Improved handling of GraphQL errors and backend programming errors.
Minor display improvements.
dagster-aws
A default prefix is now configurable on APIs that use S3.
S3 APIs now parametrize region_name and endpoint_url.
dagster-gcp
A default prefix is now configurable on APIs that use GCS.
dagster-postgres
Performance improvements for Postgres-backed storages.
dagster-pyspark
Pyspark sessions may now be configured to be held open after pipeline execution completes, to
enable extended test cases.
dagster-spark
spark_outputs must now be specified when initializing a SparkSolidDefinition, rather than in
config.
Added new create_spark_solid helper and new spark_resource.
Improved EMR implementation.
Bugfix
Fixed an issue retrieving output values using SolidExecutionResult (e.g., in test) for
dagster-pyspark solids.
Fixes an issue when expanding composite solids in Dagit.
Better errors when solid names collide.
Config mapping in composite solids now works as expected when the composite solid has no top
level config.
Compute log filenames are now guaranteed not to exceed the POSIX limit of 255 chars.
Fixes an issue when copying and pasting solid names from Dagit.
Termination now works as expected in the multiprocessing executor.
The multiprocessing executor now executes parallel steps in the expected order.
The multiprocessing executor now correctly handles solid subsets.
Fixed a bad error condition in dagster_ssh.sftp_solid.
Fixed a bad error message giving incorrect log level suggestions.
Documentation
Minor fixes and improvements.
Thank you
Thank you to all of the community contributors to this release!! In alphabetical order: @cclauss,
@deem0n, @irabinovitch, @pseudoPixels, @Ramshackle-Jamathon, @rparrapy, @yamrzou.
The selector argument to PipelineDefinition has been removed. This API made it possible to
construct a PipelineDefinition in an invalid state. Use PipelineDefinition.build_sub_pipeline
instead.
New
Added the dagster_prometheus library, which exposes a basic Prometheus resource.
Dagster Airflow DAGs may now use GCS instead of S3 for storage.
Expanded interface for schedule management in Dagit.
Dagit
Performance improvements when loading, displaying, and editing config for large pipelines.
Smooth scrolling zoom in the explore tab replaces the previous two-step zoom.
No longer depends on internet fonts to run, allowing fully offline dev.
Typeahead behavior in search has improved.
Invocations of composite solids remain visible in the sidebar when the solid is expanded.
The config schema panel now appears when the config editor is first opened.
Interface now includes hints for autocompletion in the config editor.
Improved display of solid inputs and output in the explore tab.
Provides visual feedback while filter results are loading.
Better handling of pipelines that aren't present in the currently loaded repo.
Bugfix
Dagster Airflow DAGs previously could crash while handling Python errors in DAG logic.

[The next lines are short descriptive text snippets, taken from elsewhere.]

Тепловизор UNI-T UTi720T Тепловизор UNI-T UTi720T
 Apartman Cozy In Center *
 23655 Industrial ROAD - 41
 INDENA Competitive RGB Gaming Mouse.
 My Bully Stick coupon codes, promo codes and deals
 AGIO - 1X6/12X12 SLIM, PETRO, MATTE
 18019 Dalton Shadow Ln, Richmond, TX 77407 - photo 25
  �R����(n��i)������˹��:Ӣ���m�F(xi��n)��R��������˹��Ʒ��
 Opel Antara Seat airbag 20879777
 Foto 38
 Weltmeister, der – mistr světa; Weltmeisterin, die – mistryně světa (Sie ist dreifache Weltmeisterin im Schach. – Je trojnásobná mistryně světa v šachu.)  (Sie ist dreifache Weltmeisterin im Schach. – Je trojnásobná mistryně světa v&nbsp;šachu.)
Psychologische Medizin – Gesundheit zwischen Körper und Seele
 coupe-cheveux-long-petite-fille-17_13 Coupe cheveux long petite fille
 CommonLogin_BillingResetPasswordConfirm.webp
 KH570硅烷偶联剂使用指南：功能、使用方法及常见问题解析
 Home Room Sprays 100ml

Step failures when running Dagster Airflow DAGs were previously not being surfaced as task
failures in Airflow.
Dagit could previously get into an invalid state when switching pipelines in the context of a
solid subselection.
frozenlist and frozendict now pass Dagster's parameter type checks for list and dict.
The GraphQL playground in Dagit is now working again.
Nits
Dagit now prints its pid when it loads.
Third-party dependencies have been relaxed to reduce the risk of version conflicts.